3. Wir sehen den zufriedenen Asaph
Welch eine Änderung hat doch der Gang in das Heiligtum bei
Asaph hervorgerufen! Zwar waren die Zustände noch dieselben
geblieben; die Gottlosen trieben ihr stolzes, freches Wesen
nach wie vor, aber Asaph konnte sie jetzt anders ansehen.

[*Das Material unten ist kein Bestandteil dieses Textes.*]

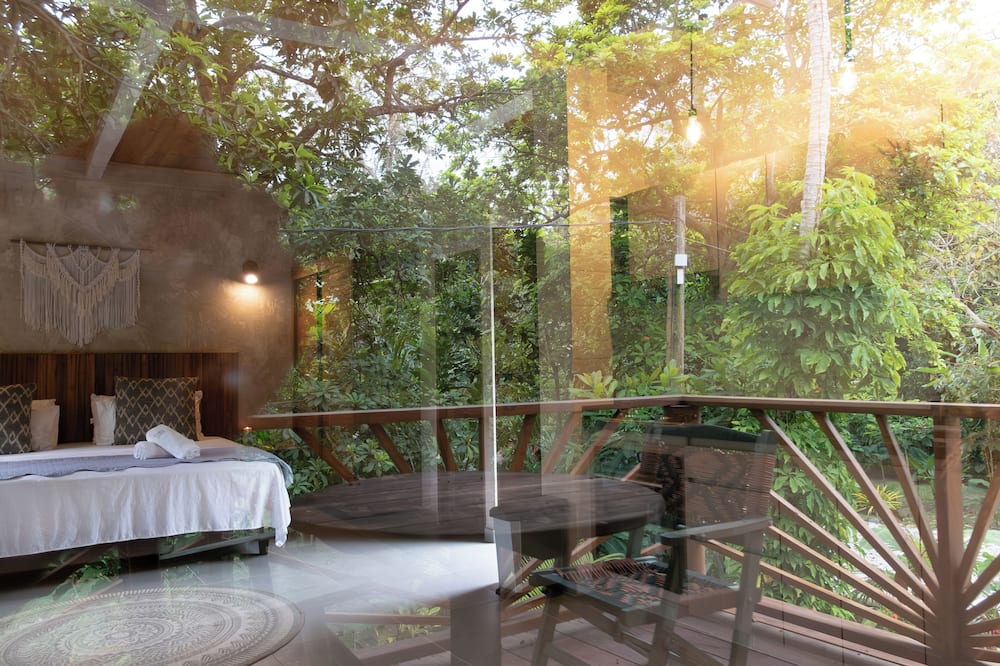 Salvia Madre Hotel Boutique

Nicht mehr mit den Augen des Neides oder des Unwillens,
sondern mit tiefem Mitleid schaute jetzt der Sänger auf jene
hochmütigen, frechen Menschen. Gott hatte ihm etwas Besseres
gezeigt, was ihn triumphieren ließ.
Während jene einst haltlos auf schlüpfrigem Boden umsinken
werden, um nie wieder aufzustehen, so hat er einen ewigen
Halt, eine Hand, die ihn nie losläßt. Während jene ihr Herz
an die zeitlichen Güter hängen, darf er es an den Herrn
selbst hingeben, der allein wahrhaft befriedigen kann.
Während jene für kurze Zeit eitle Menschenehre genießen,
geht er dem Tag entgegen, wo er mit bleibender Ehre gekrönt
wird (V. 23-26).
Was ist alles stolze Brüsten der Gottlosen gegen das
»Dennoch« seines Glaubens (»Dennoch bleibe ich stets an
dir«), gegen das »Nur« seiner Liebe (»Wenn ich nur dich
habe«) und gegen das »Endlich« seiner Hoffnung (»Du nimmst
mich endlich mit Ehren an«)? Wer Asaphs Halt, Leitung und
Ziel gefunden hat, der ist zufrieden. Gott kann auch heute
noch unzufriedene Menschen in der Stille seines Heiligtums
selig, zufrieden und voll Triumph machen.